The Defense Security Command under the administration of Roh Tae-woo, who succeeded Chun in 1988, operated a team to downplay the brutality of the Chun regime in suppressing the demonstrators in Gwangju in order to influence public sentiment during the National Assembly hearings. “But our discovery of the 80 commission in 1985 showed that the government attempts to distort the facts began three years earlier,” Lee said.

“Right now, key military data is either missing or distorted,” Lee said. “Military officials also made false testimony. We are fighting a war against fake information.”

Lee said further investigation is necessary to lay bare the specific activities of the 80 commission and the existence of the Gwangju White Paper it supposedly published. “We will ask the National Intelligence Service to find out if the White Paper exists in its archive or not,” Lee said.

Lee, however, refused to answer whether the probe answered the allegations of a helicopter firing at demonstrators and fighter jets being ready to support the crackdown.

According to Lee, his team questioned 19 eye-witnesses of the alleged helicopter shooting. Another 29, including pilots and mechanics, were questioned about the allegation that fighter jets were readied to participate in the crackdown.

New records offered by the U.S. Embassy and Japanese Embassy as well as the Korea-U.S. Combined Forces Command, U.S. 7th Air Force, Defense Security Command and National Intelligence Service were reviewed for the fact-finding mission. New witnesses were also questioned.

Lee said his team needs an extension on the mandate of the special probe, which ends on Nov. 31.

Meanwhile, the May 18 Memorial Foundation said Monday it will start an excavation next week at the former site of Gwangju Prison.

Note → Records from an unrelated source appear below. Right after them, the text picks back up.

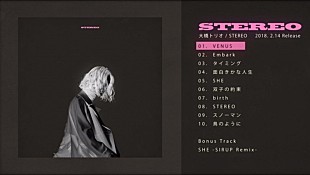 「大橋トリオ 『スッキリ』出演で話題に！ NEWアルバム全曲試聴トレーラー公開」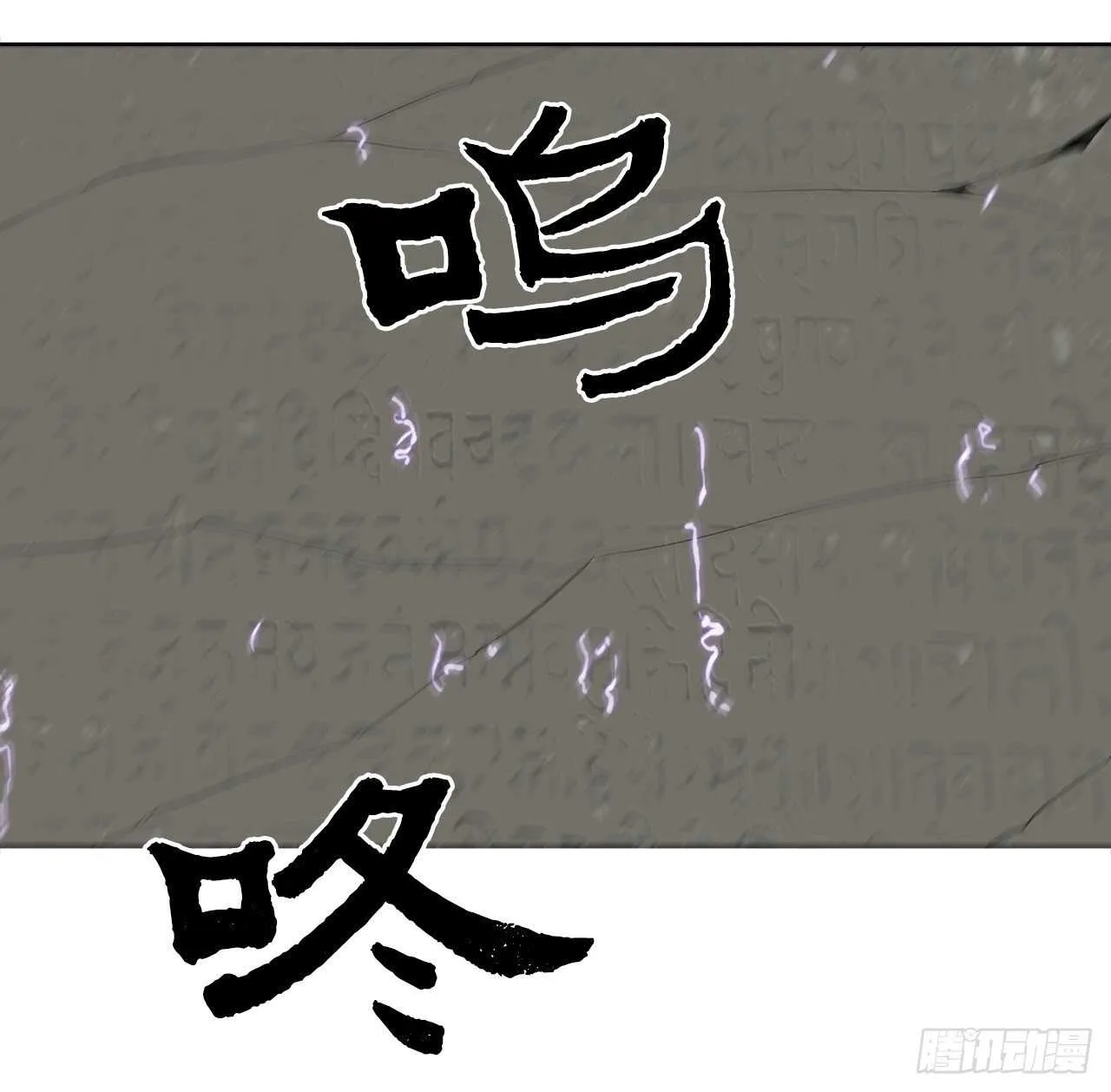 12.我是北天门门主 第67页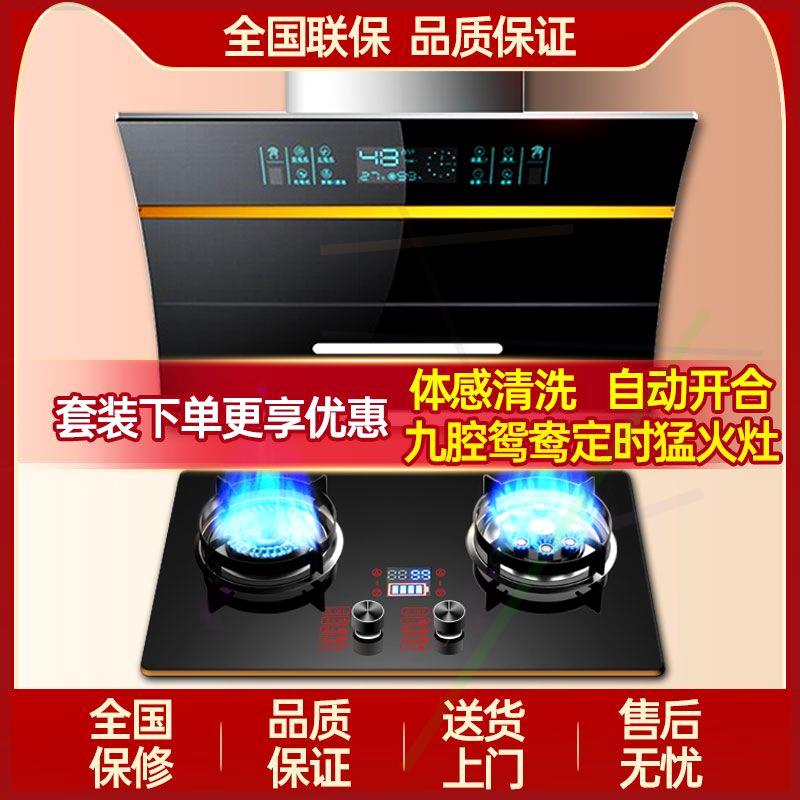 抽油烟机家用天然气灶双灶家用大吸力油烟机烟灶组合两件套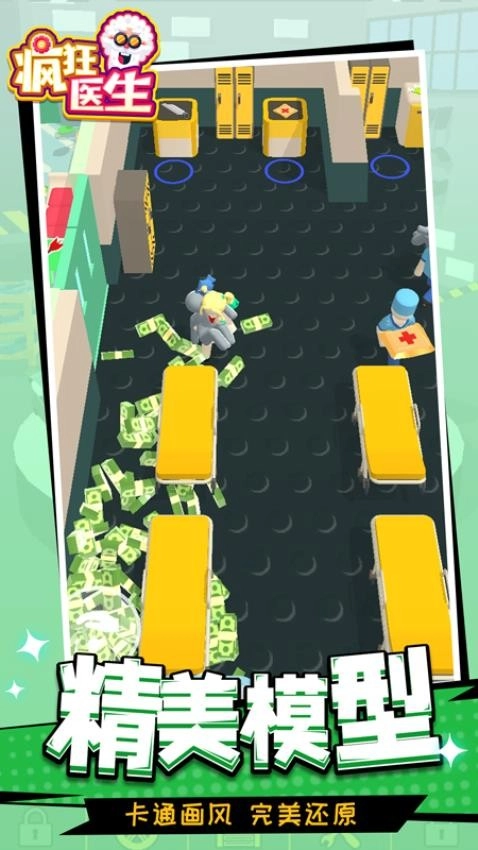 疯狂医生游戏图5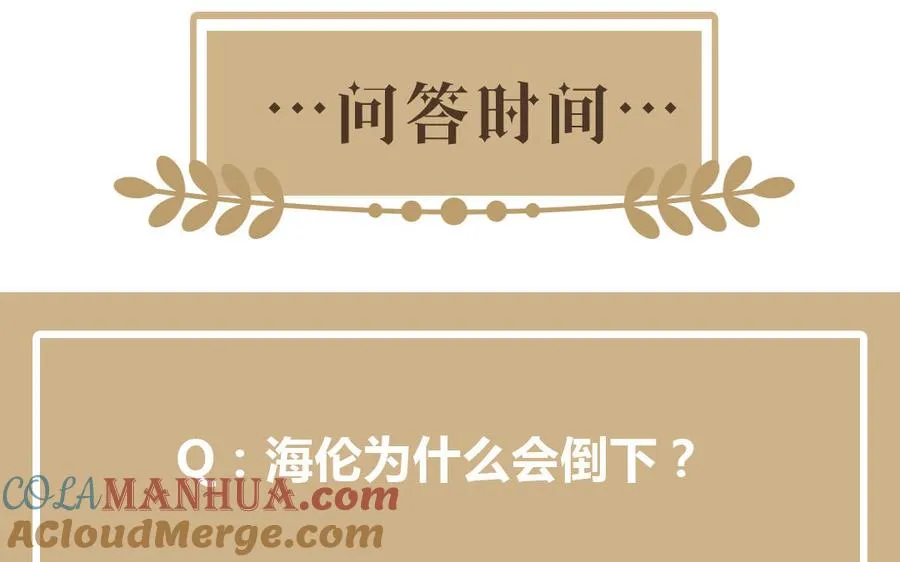 第13话 新的危机 第133页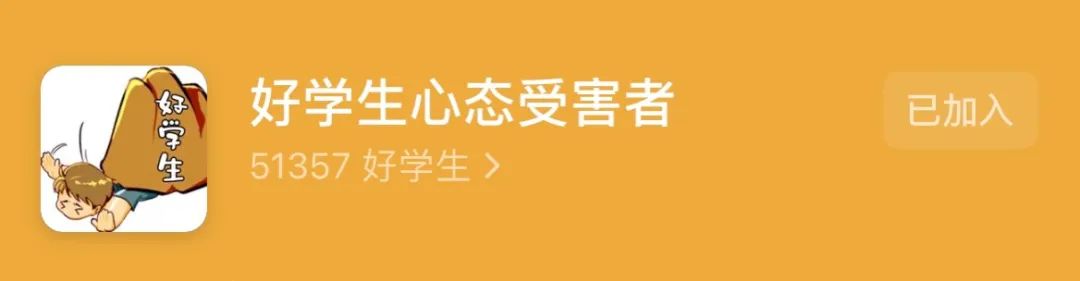 **批“好学生心态”受害者，沦为职场最惨软柿子(图3)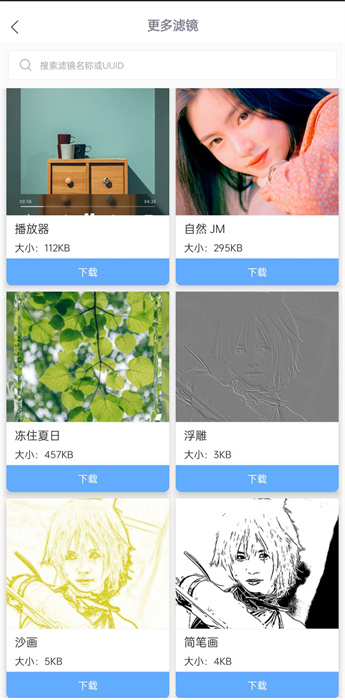 托肯超美顏 v1.0.0 手機(jī)版 2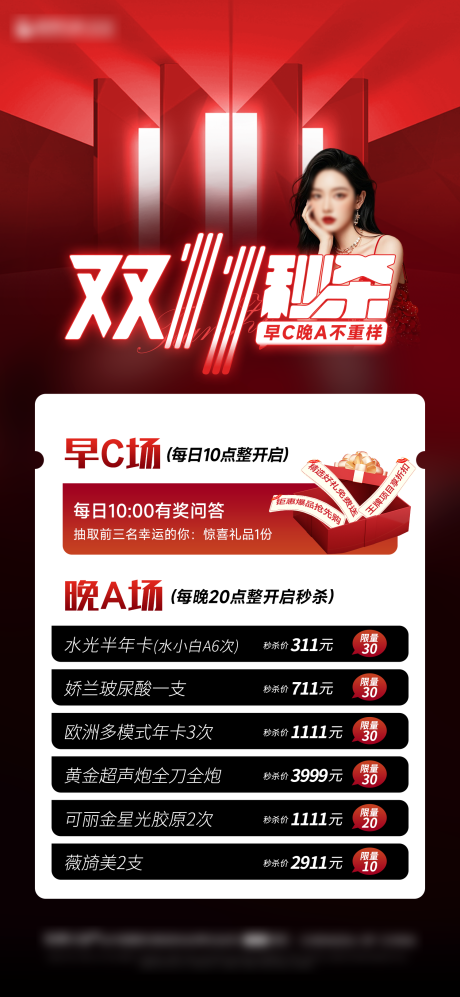源文件下載【享設計】搜索編號：73310026731891554【醫美雙十一秒殺海報】
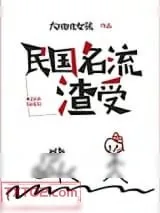 《民国名流渣受》小说封面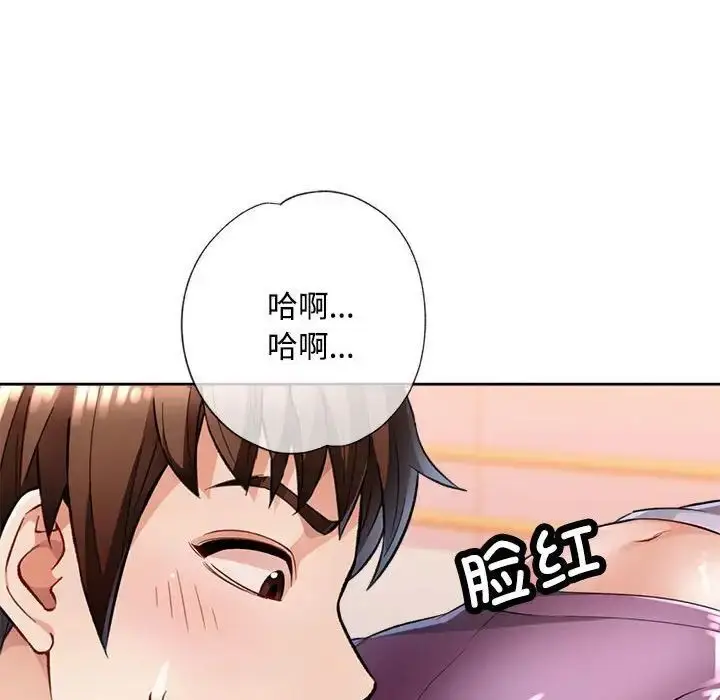 《脱轨关系》第4话图41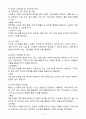(2024학년도 2학기, 출석수업대체과제물, 평생교육프로그램개발) 인간은 환경에 영향을 받기도 하지만, 그 환경을 적극적으로 구성하기도 합니다. 특히 평생 교육의 관점에서 우리는 지역사회의 구성원이자 시민으로서, 사회변화에 적극적으로 대응 함과 동시에 그 변화로 인해 발생하는 다양한 문제를 해결하기 위한 노력을 함께 기울일 필요가 있습니다. 이러한 점을 고려하여 우리 지역사회가 당면한 문제점을 골라 분석하고, 그것을 해결하기 위한 교육적 방안으로서 적절 5페이지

The foundation said the excavation will begin next Monday based on new witness statements. The former site of Gwangju Prison has been suspected as a secret burial ground based on military records and an earlier fact-finding mission by the Defense Ministry. Troops including the 3rd Airborne Special Forces Brigade were stationed at the Gwangju Prison during the massacre. The military said in 1980 that 27 civilians died at the prison, but only remains of 11 bodies were recovered.